Quantum computers are drawing attention as a potential solution to this challenge, as they can perform computations that are intractable for conventional (classical) computers by leveraging quantum entanglement* and superposition*. One prominent algorithm, quantum phase estimation, is known to exponentially accelerate molecular energy calculations. However, due to the high levels of noise in current quantum hardware, large-scale quantum circuits* cannot yet be executed. As a result, quantum phase estimation has so far only been demonstrated on systems of up to 6 bits.

*Quantum Entanglement: A quantum phenomenon in which the states of multiple qubits become interdependent, such that the state of one qubit cannot be described independently of the others.

*Quantum Superposition: A fundamental property of qubits that allows them to exist in a combination of multiple states simultaneously.

*Quantum Circuit: A structured sequence of quantum gates and measurements designed to manipulate the quantum states of qubits.

3. Result of this work

In this study, we adopted quantum phase difference estimation and tensor networks* to reduce the computational cost of quantum computation. Quantum phase difference estimation enables direct calculation of the energy gap—an important physical property— by using a superposition state of the ground and excited states*. Moreover, comparing the circuits for standard quantum phase estimation [Figure 1(a)] and phase difference estimation [Figure 1(b)] reveals that the latter avoids controlled operation on auxiliary bits during the dynamics computation(-iHt), which is a key factor in reducing computational cost.

*Tensor Network: A tensor is a generalized data structure that extends the concept of scalars (0D), vectors (1D), and matrices (2D) to arbitrary dimensions. A tensor network is a graphical structure in which tensors are connected via contracted indices. In this study, quantum gates and related operations are represented as tensors within the network.

*Excited State: An electronic state with higher energy than the ground state.

Building on the quantum phase difference estimation circuit, the circuit was further compressed using a technique known as a tensor network [Figure 1(c)]. This approach searches for shallow circuits that approximate the target circuit using a classical computation. In addition, implementing the state preparation circuit using a tensor network was found to exponentially suppress quantum noise.


The method was implemented on a 32-system qubit Hubbard model [Figure 2(a)] and a 20-qubit decapentaene molecule [Figure 2(b)] using actual quantum hardware. As a result, the measured distributions were observed to converge toward the target energy gap values, confirming that the algorithm functioned correctly—with an accuracy on the order of 10 milliHartrees. This demonstrates that, with the aid of superconducting quantum hardware and error suppression techniques, quantum phase estimation was successfully executed at a scale exceeding five times that of previous implementations.
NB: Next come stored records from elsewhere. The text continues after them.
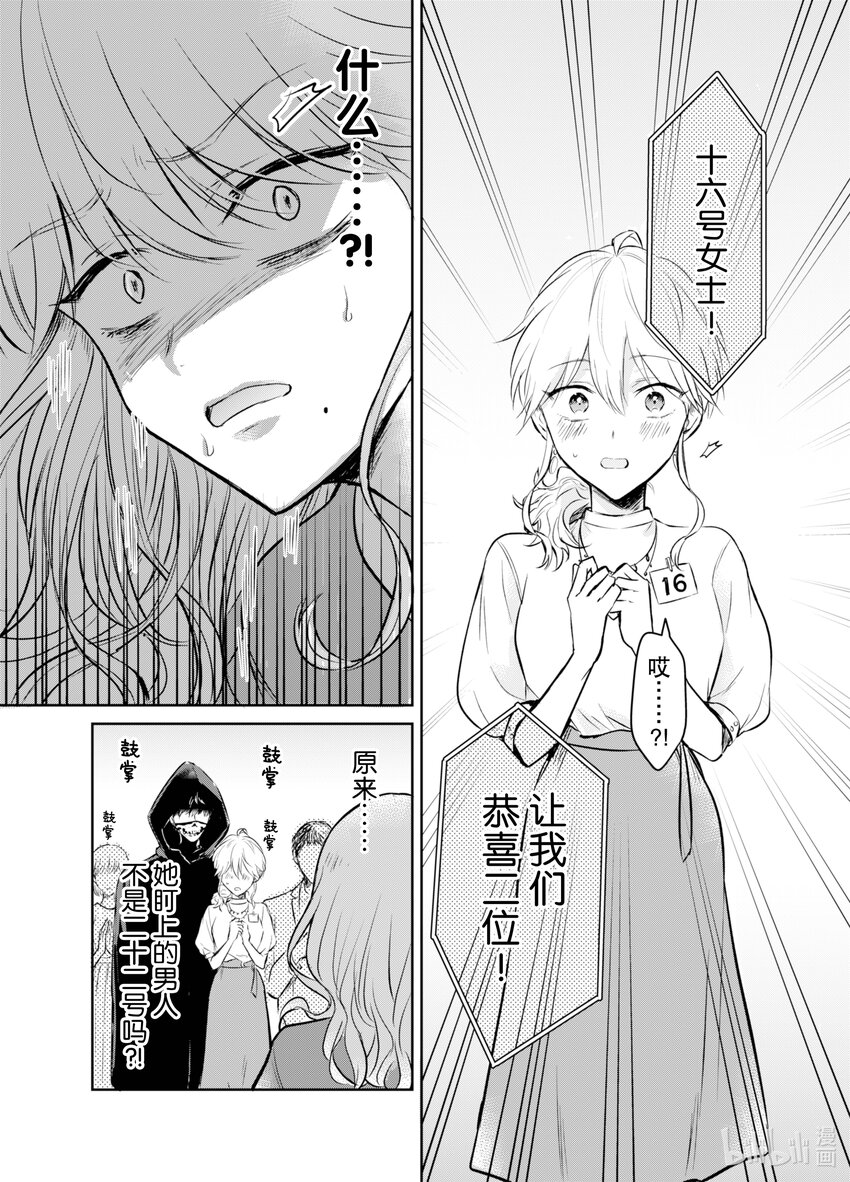 《一年之内不结婚就会死》5 决定命运的配对时间 第16页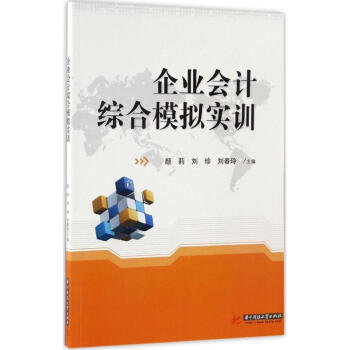 企業會計綜合模擬實訓 企業會計綜合模擬實訓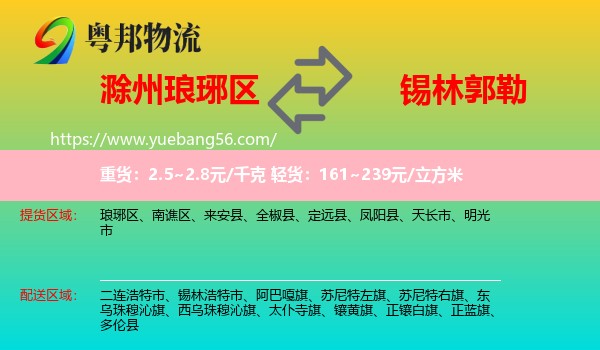 瑯琊區(qū)到錫林郭勒物流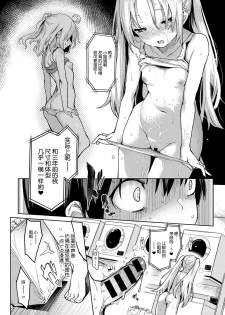 [Michiking] Ane Taiken Jogakuryou 3 (COMIC Anthurium 2017-11) [Chinese] [屏幕髒了漢化] [Digital] - page 17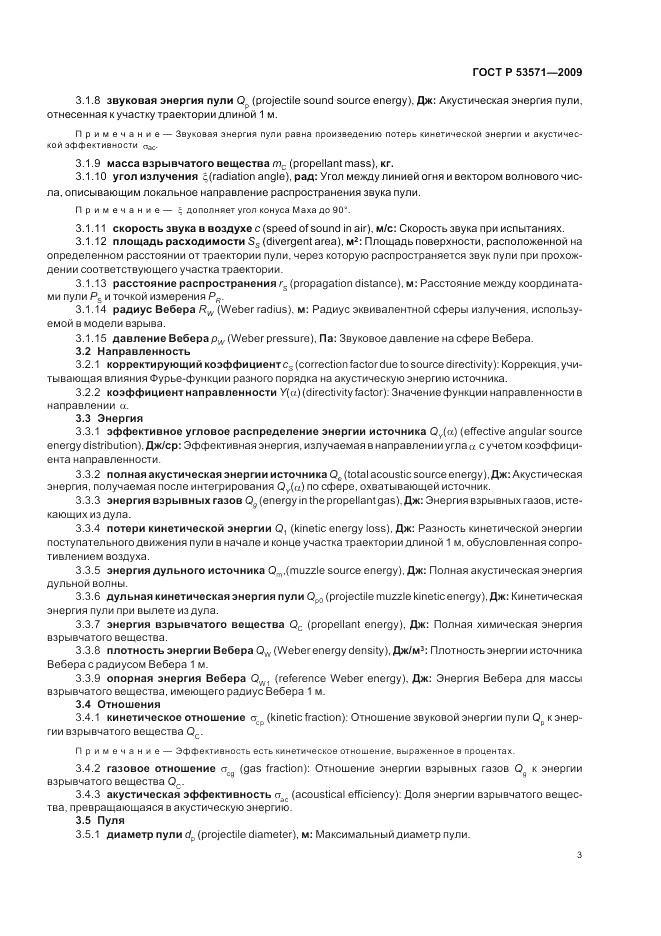 ГОСТ Р 53571-2009, страница 7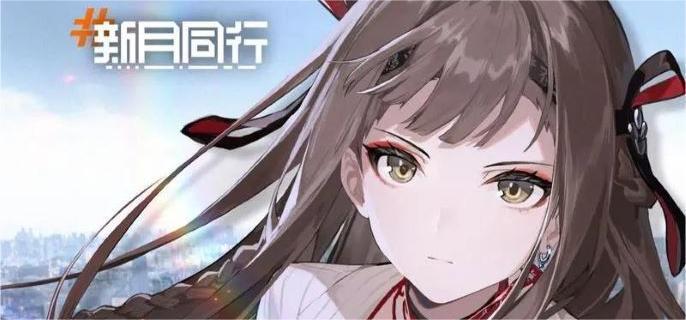 新月同行探索难度5通关技巧 新月同行探索难度5通关技巧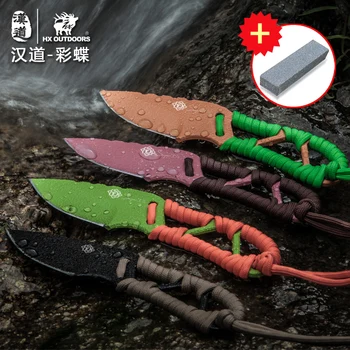 

HX OUTDOORS Butterfly D2 steel high hardness diving knife field survival knife, self-defense portable knife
Figure 1. Overview of the proposed method TQPDE

(a) Circuit diagram of quantum phase estimation (Bayesian type). The top bit represents the ancillary qubit, while the others correspond to the system qubits. An approximate ground state is prepared in Ug, a phase is added in Phase, the controlled dynamics exp(-iHt) is executed, and finally the ancillary bit is measured. The probability that 0 is measured in the X measurement varies depending on the phase (in the form of a cosine function), and the probability peaks when the phase matches the ground state energy. By varying the evolution time t, the peak width changes, allowing the energy value to be progressively refined through iterative measurements.

(b) Circuit diagram of quantum phase difference estimation. Instead of computing absolute energy values, this circuit directly estimates the energy gap between two levels. Controlled state preparation circuits (Ug, Uex, respectively) are used to prepare the ground and excited states, respectively. Unlike standard phase estimation, the dynamics is no longer controlled, resulting in reduced —since state preparation is generally less complex than controlled time evolution.

(c) Circuit diagram of the proposed method. Using a tensor network, we obtain circuits that approximately compress the state preparation circuit and the dynamics circuit on a classical computer (Uprep and Uevol, respectively). Since classical computation can efficiently simulate only short-term dynamics, a short-time unitary Uevol corresponding to evolution over time Δt is first constructed classically,, and then applied repeatedly t/Δt times on the quantum circuit to achieve long-time evolution. The final measurement is performed in the Z basis on all bits, and the probability of obtaining all zeros is used. This measurement approach is found to exponentially suppress quantum noise.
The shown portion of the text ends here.